Tuesday will be the first day in a new school for many kids, whether they’re starting out, changing to secondary, or moving from somewhere else. Our son has changed schools four times in seven years for various reasons, with another new school this year. His last change, to a Canadian school in 2013, didn’t go smoothly, unlike all the others that preceded it. I felt guilty; it was my work that took us to Canada. I asked colleagues what helps when students start in a new school, to try to help our son manage.

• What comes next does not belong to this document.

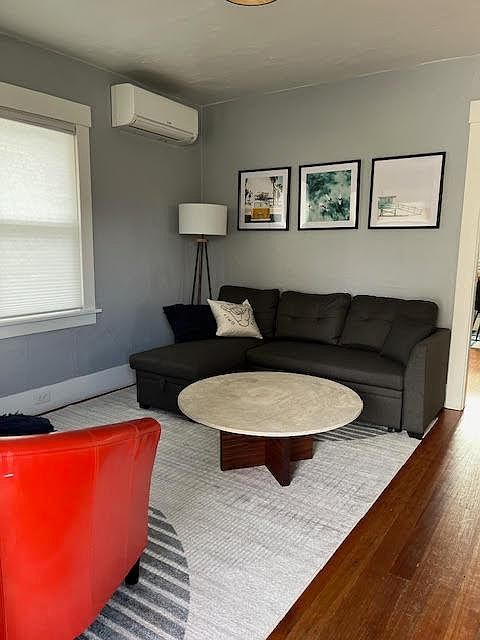 Living room with seating and large TV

I only changed school once, in year ten, and not by choice. I spent the first week trying to find my way around on my own. It was hard to get to know new kids and to understand the teachers and rules. Some kids were mean, probably just because I was new, but I didn’t know that; I thought it was me. And then, one lunchtime in the second week, a girl named Leanne Earle said, “Come and sit with us.” We remained friends until she left school at the end of that year.
So what helps the new kids? What should teachers, parents, and the kids themselves do? Well, friendship – Leanne’s Earle’s reaching out – is certainly at the top of most lists. One teacher friend I asked said it’s absolutely essential to approach a “carefully selected” member of the class, or a group, who have interests in common with the new student, and ask them to provide company in the first week. She said this is especially important at recess times when it’s “heartbreaking for someone to have to stand by themselves in a new place.” Even if the students don’t end up friends, it provides crucial initial support. She also said that “any teacher who makes the new student stand up in front of the class and introduce themselves on the first day should be shot.” She flips this practice, giving the other students an opportunity to introduce themselves to the new student.
Another friend, a former school principal, asked her grandchildren, who’d spent time in a school abroad, what had worked for them. Friendship was high on their list too, having friends who “know the school and what to do.” Also, being nice “to the nice people.” But, they said, “You have to be yourself,” and “It’s up to you.”
A psychologist friend said change brings anxiety which “is all about certainty and predictability, or the lack thereof.” This reminded me of Mrs Brandon, my son’s first teacher, who had that rare ability to understand the world the way a child does. She brought the new prep children into class for a morning the year before they started. Many places do this, but Mrs Brandon gave them each a trained prep buddy, showed them the projects the students were working on, went through the timetable, and took them to the toilets and playground. On his first day of school, my son said, “I don’t think it’s going to be hard. I’ve already done it.” I looked quizzically at him. “Last year. I already went to school. Remember?” I was so grateful to Mrs Brandon right then.
In Canada, when my son was having trouble knowing what he was supposed to do and finding friends, the advice of a friend of mine who’d changed primary school every couple of years – her father was a serviceman – really helped. “The important thing for me was being able to come home and unburden to my mum.” I started listening more to what was happening for my son, not trying to fix it, just hearing how awful he was feeling. This was hard for me to do – he was so upset – but he said it helped.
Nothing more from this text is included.